In this article, we gave you some tips to tell you how you can use web scraping legally and ethically, and we also talked about the latest legal situation by country with a short summary of web scraping cases. You should not forget that each piece of information we will talk about in this article is purely for informational purposes and should not be considered legal advice.

At Scrape.do, we are aware of the legal consequences of not running a legitimate web scraping project, and we want to help you run a legit web scraping project. We will also help you to run a web scraping project in accordance with your wishes and ethical rules in line with your request and your own ethical rules. Thanks to our Rotating IP system, you will also be able to scrape the websites you want. Contact us to get a maximum service at affordable prices!

History of Major Web Scraping Lawsuits

While running web scraping projects and scraping a website is superficially legal, scraping is not something companies want. If websites can show that scraping by a bot has damaged that website’s infrastructure and operations, it will be found illegal by the court. In this section, we have collected many cases in which many courts are in favor of scraped websites. Before examining these cases, businesses should also know that unless there is an overarching law, they cannot get results like the cases we describe below.

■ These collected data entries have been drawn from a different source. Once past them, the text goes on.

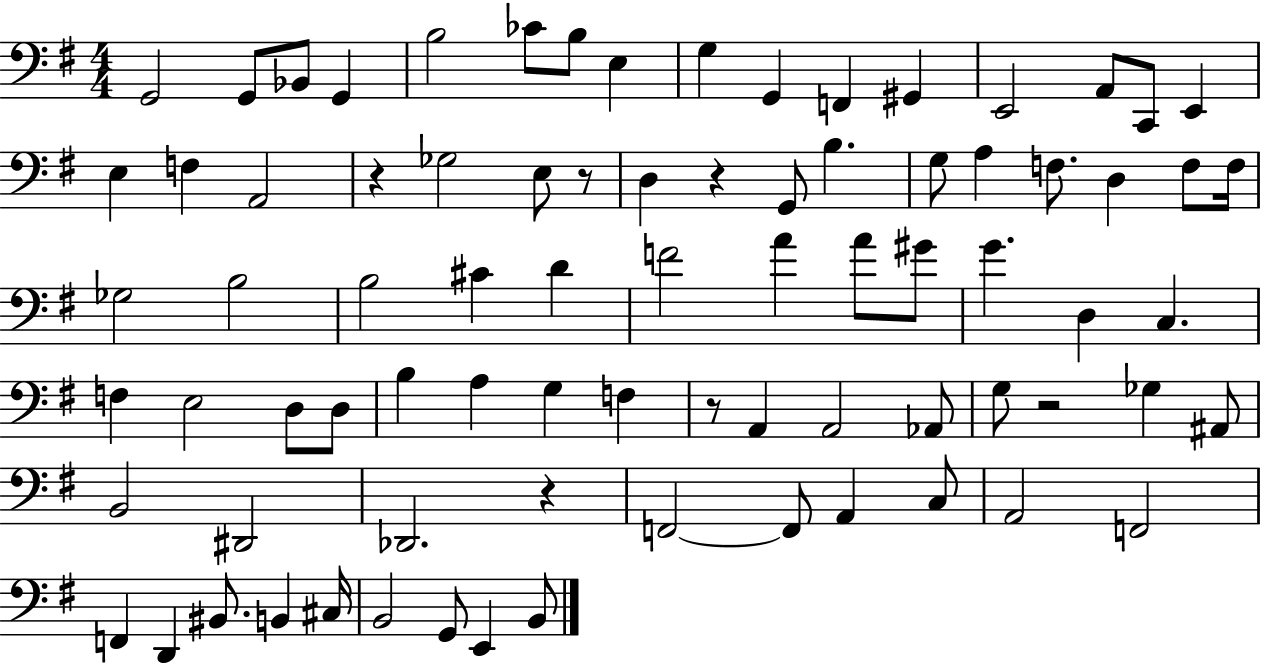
X:1
T:Untitled
M:4/4
L:1/4
K:G
G,,2 G,,/2 _B,,/2 G,, B,2 _C/2 B,/2 E, G, G,, F,, ^G,, E,,2 A,,/2 C,,/2 E,, E, F, A,,2 z _G,2 E,/2 z/2 D, z G,,/2 B, G,/2 A, F,/2 D, F,/2 F,/4 _G,2 B,2 B,2 ^C D F2 A A/2 ^G/2 G D, C, F, E,2 D,/2 D,/2 B, A, G, F, z/2 A,, A,,2 _A,,/2 G,/2 z2 _G, ^A,,/2 B,,2 ^D,,2 _D,,2 z F,,2 F,,/2 A,, C,/2 A,,2 F,,2 F,, D,, ^B,,/2 B,, ^C,/4 B,,2 G,,/2 E,, B,,/2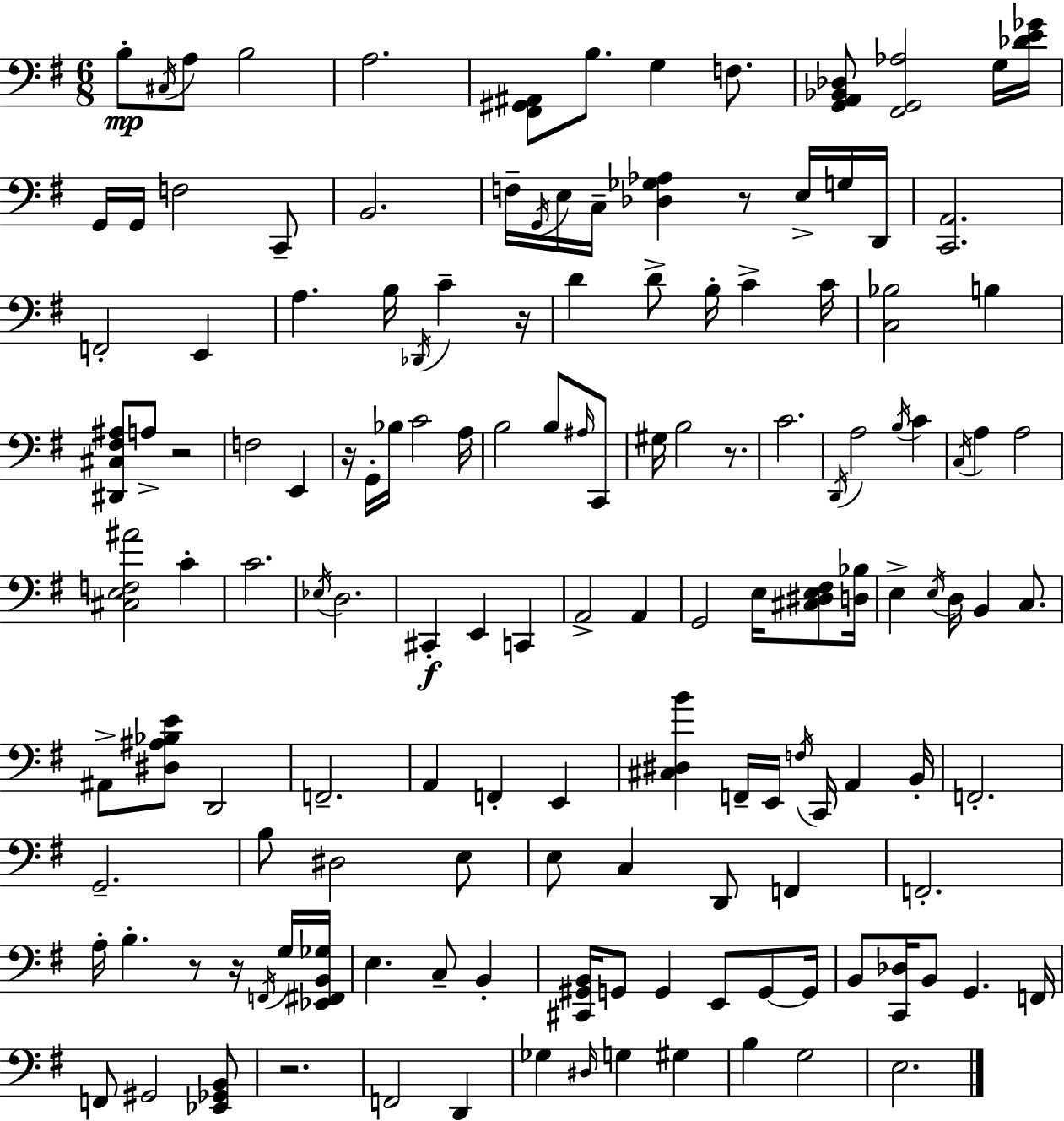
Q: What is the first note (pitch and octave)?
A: B3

  • eBay and Bidder’s Edge Litigation: In the eBay and Bidder’s Edge lawsuit, one of the earliest known web scraping lawsuits reported to the public, the lawsuit was filed against Bidger’s Edge, an online price comparison site for consumers, in 2000. According to the court order, Bidger’s Edge would not be able to scrape eBay content again. The most important reason eBay won this court was that Bidger’s Edge had proven to have exhausted its systems and that such websites could potentially cause further damage to eBay’s system.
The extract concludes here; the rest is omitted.